- Exercise aim -
A faithful copy is required. Print each line of the data exactly and omit the pictures.

- Supplied information -

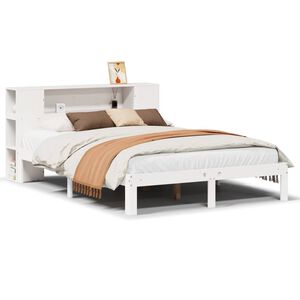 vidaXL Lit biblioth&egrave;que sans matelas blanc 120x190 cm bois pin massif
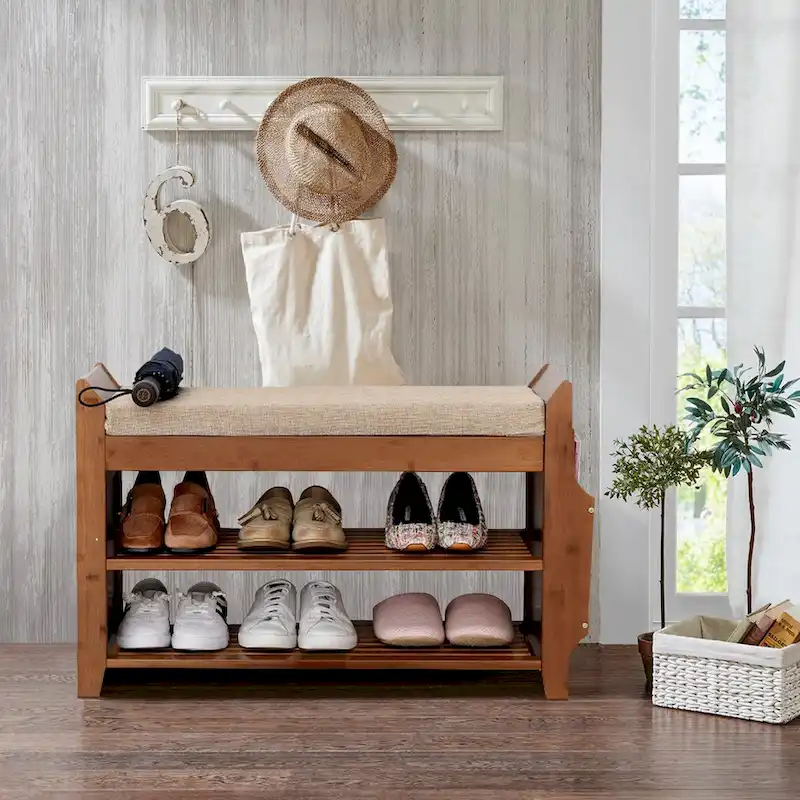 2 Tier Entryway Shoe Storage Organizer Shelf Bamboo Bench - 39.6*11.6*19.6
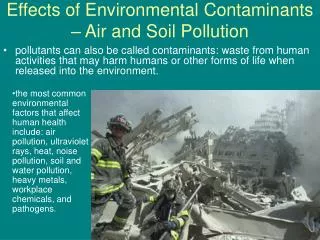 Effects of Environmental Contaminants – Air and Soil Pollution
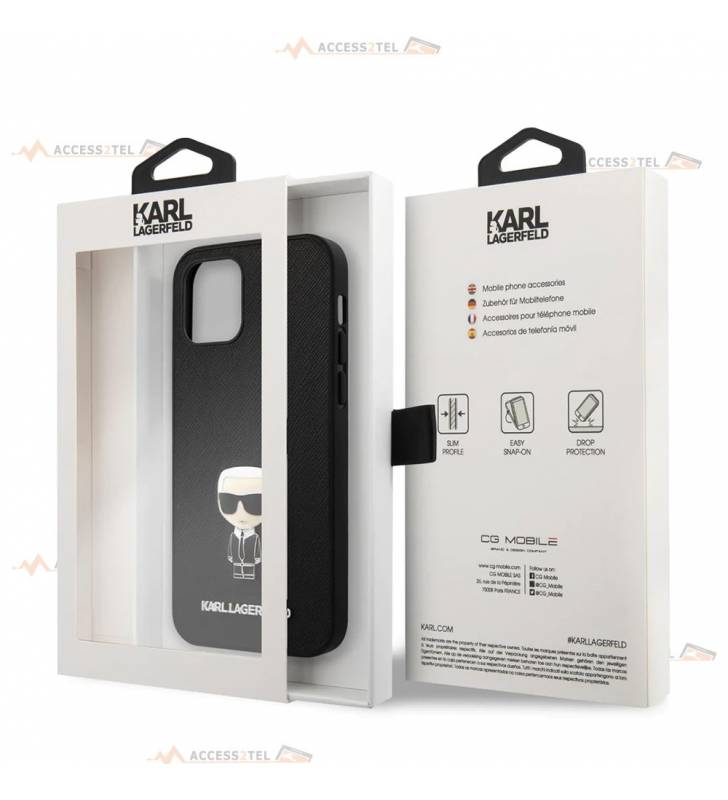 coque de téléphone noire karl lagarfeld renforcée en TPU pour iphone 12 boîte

- Reply -
 vidaXL Lit biblioth&egrave;que sans matelas blanc 120x190 cm bois pin massif
 2 Tier Entryway Shoe Storage Organizer Shelf Bamboo Bench - 39.6*11.6*19.6
 Effects of Environmental Contaminants – Air and Soil Pollution
 coque de téléphone noire karl lagarfeld renforcée en TPU pour iphone 12 boîte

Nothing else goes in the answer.